Wynn Resorts 7 million share
sale hits falling market

May 11, 2004 5:58 AM

Steve Wynn says he needs more cash to complete the construction of Wynn Las Vegas on the Las Vegas Strip but he appears to have picked a tough time to offer seven million shares for sale to Wall Street investors.

On Monday, shares in Wynn Resorts Limited (WYNN) fell $1.43 a share to $36.82 with a large number of shares — 1,345,533 — changing hands. This drop, although consistent with other market activity and particularly with other gaming shares, came on top of a decline Friday of $2.02 per share.

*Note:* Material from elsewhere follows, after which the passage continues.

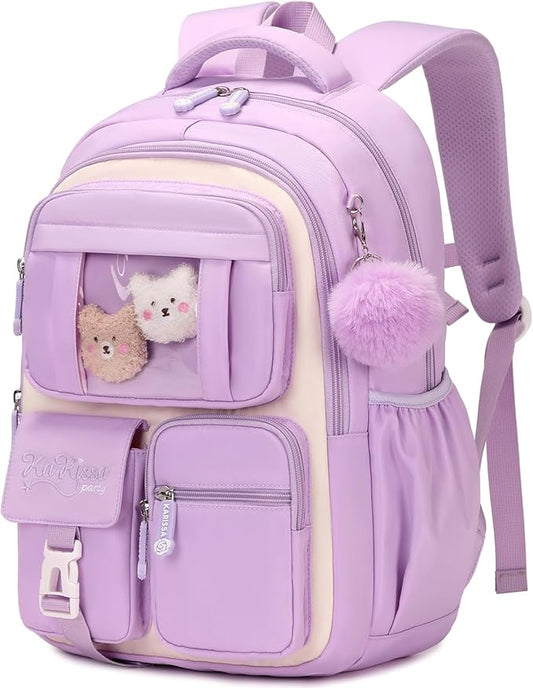 Kids Backpack for Girls School Bags for Middle School Students Book Bag for Elementary Primary Kawaii Ita Backpack, Purple and Beige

According to a company announcement, the public offering is being made through Deutsche Bank Securities Inc., as the sole book-running manager, with Banc of America Securities LLC and Bear, Stearns & Co. Inc., as co-managers. Wynn Resorts said the underwriters also have been given an option to purchase up to an additional 1,050,000 shares to cover over-allotments, if any.

Assuming an average sale price of $38.50 a share, net proceeds of the sale of common stock, was expected to be about $268.1 million after deducting underwriting discounts and estimated offering expenses. These proceeds will be used to redeem a portion of the company’s 12% Second Mortgage Notes due 2010. The remainder will be applied to costs of the $2.4 billion hotel/casino/resort that is expected to anchor future development in the northern end of the Las Vegas Strip.

The company added that some of the net proceeds may be used to finance the proposed development in Macau or possibly to finance potential future acquisitions.

In a separate announcement last week, Wynn Resorts Limited said it had expanded its board of directors with the appointment of Kiril Sokoloff. The board now has 11 members.

Sokoloff, an author and a recognized expert in the area of investment in the Hong Kong/China area, is president of 13D Research Inc., an independent financial research firm.

Negative votes

Caesars Entertainment Inc. (CZR) hopes of constructing a casino complex in the Twin Cities’ Mall of America area may have been dashed last week with a Minnesota House Tax Committee’s rejection of a pair of casino bills.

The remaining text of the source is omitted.